« Demandez et l’on vous donnera »

Luc 11, 1-13

 « Demandez et l’on vous donnera »

 

Prédication du Pasteur Jean-Arnold de Clermont, du 4 mars 2019

 

Ce qui est particulièrement intéressant, à mon avis, dans la construction du début de ce chapitre 11 de l’Evangile de Luc, c’est la manière dont il a rapproché le don du « Notre Père », et la parabole de l’ami importun qui, je le crois, concerne directement ce que nous appelons l’intercession.

Nous avons ici la version ramassée du « Notre Père ». La  version ‘longue’ est dans l’Evangile de Matthieu. Et là, plus encore que chez Matthieu, nous voyons bien, si j’ose ce propos quasi hérétique, nous voyons bien ce qui manque au « Notre Père ». Même si nous avons l’habitude d’employer des formules qui laissent entendre que le « Notre Père » est le modèle de toute prière, ce qui manque c’est la dimension de l’intercession.  Je m’explique : Le « Notre Père » met en perspective notre relation à Dieu et au monde: « que ton nom soit sanctifié » – « que ton règne vienne », développé chez Matthieu par « que ta volonté soit faite sur la terre comme au ciel » (à la limite on pourrait dire qu’il s’agit là de la dimension de l’intercession !). Le « Notre Père » nous situe dans notre attitude personnelle vis à vis de Dieu comme vis à vis des hommes: «  Donne nous chaque jour le pain nécessaire » – « pardonne-nous, comme nous pardonnons » … Mais il manque cette dimension tout aussi essentielle de la prière, comprise comme le relais du cri des hommes qui monte par notre prière vers Dieu, même si on essayait de résumer cela dans la dernière demande « délivre nous du mal » !.

 

C’est précisément de cela qu’il est question dans la parabole de l’ami importun. Je vous propose de la lire à un double niveau, car elle est fondée sur deux jeux d’amitié chacun donnant une dimension particulière à cette parabole.

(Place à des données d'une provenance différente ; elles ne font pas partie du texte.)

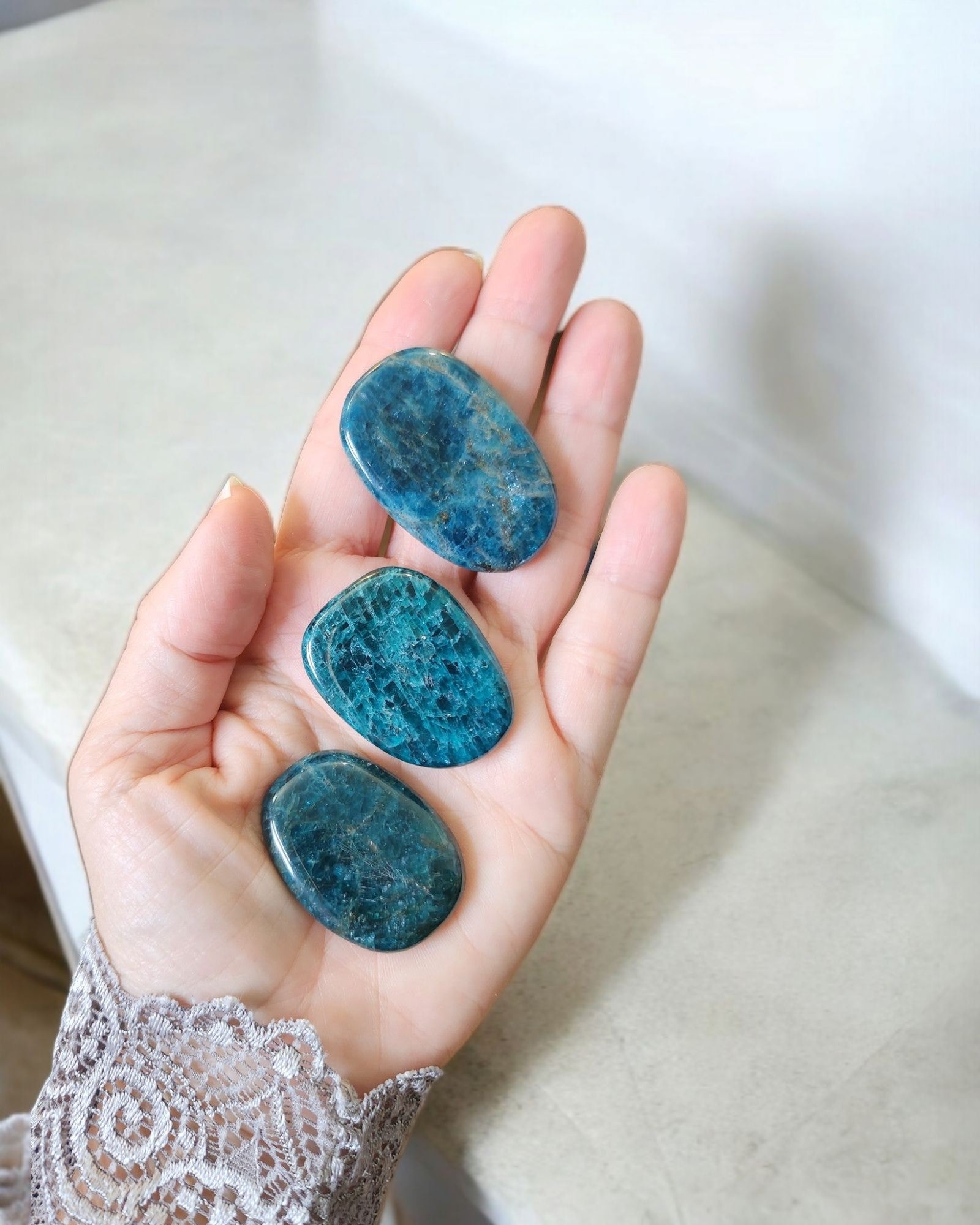 Galet Apatite bleue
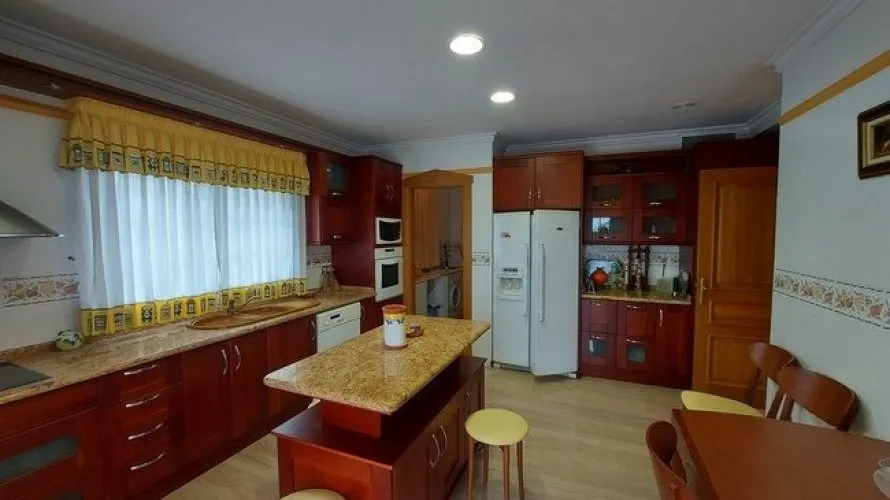 5 bedrooms villa for sale, La Veleta, Spain No. 334 № 3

Il y a d’abord deux « amis ». Volontairement Jésus emploie le même mot pour les deux hommes qui habitent la même ville, et encore pour le troisième, ami du premier, arrivé de voyage en pleine nuit. Il y a donc, d’abord, deux amis, concitoyens. Leurs relations sont telles qu’ils peuvent compter l’un sur l’autre. Il n’y a qu’à un ami que vous puissiez faire le coup de le réveiller en pleine nuit pour solliciter du pain. Et cette amitié là suppose une grande confiance réciproque, une grande intimité. Je crois que nous pouvons recevoir ce modèle de relation comme l’image de la relation entre Jésus et son Père, et c’est cette intimité qui nous permet de comprendre ce qui rend possible notre intercession. Jésus nous a fait entrer dans cette intimité qu’il a avec le Père et qui seule nous permet de nous comprendre comme le voyageur qui en pleine nuit vient frapper à sa porte. Sans cette intimité créée, offerte, par le Christ qui a donné sa vie pour nous, nous serions sans secours, sans espérance. Il sera pour nous l’ami importun qui porte notre prière jusqu’au Père. Comme le dit l’Evangile de Jean « Je ferai tout ce que vous demanderez en mon nom, afin que le Fils manifeste la gloire du Père » (Jean 14, 13).

 

Mais il me semble qu’il y a une autre lecture possible, concernant cette autre relation, celle qui met toute notre parabole en mouvement. Sans laquelle cette intimité dont je viens de parler resterait égoïste, confinée, ecclésiale … je veux parler de celui qui vient frapper à notre porte en pleine nuit. Cet « ami » voyageur de la parabole nous renvoie à celles et ceux que leur voyage conduit jusque chez nous. Blessés du voyage, fatigués de la route, affamés du monde, écorchés de la vie. Nous les connaissons bien, nous les entendons et les voyons. Ils sont nos amis comme partageant notre humanité. Ils sont là à notre porte. Et nous sommes, ou avons à devenir ces amis importuns qui, quelles que soient les circonstances, comme en pleine nuit, vont frapper à la porte de leur ami pour chercher du pain.

 

Et nous voici avec ces deux interprétations, riches de cette double amitié.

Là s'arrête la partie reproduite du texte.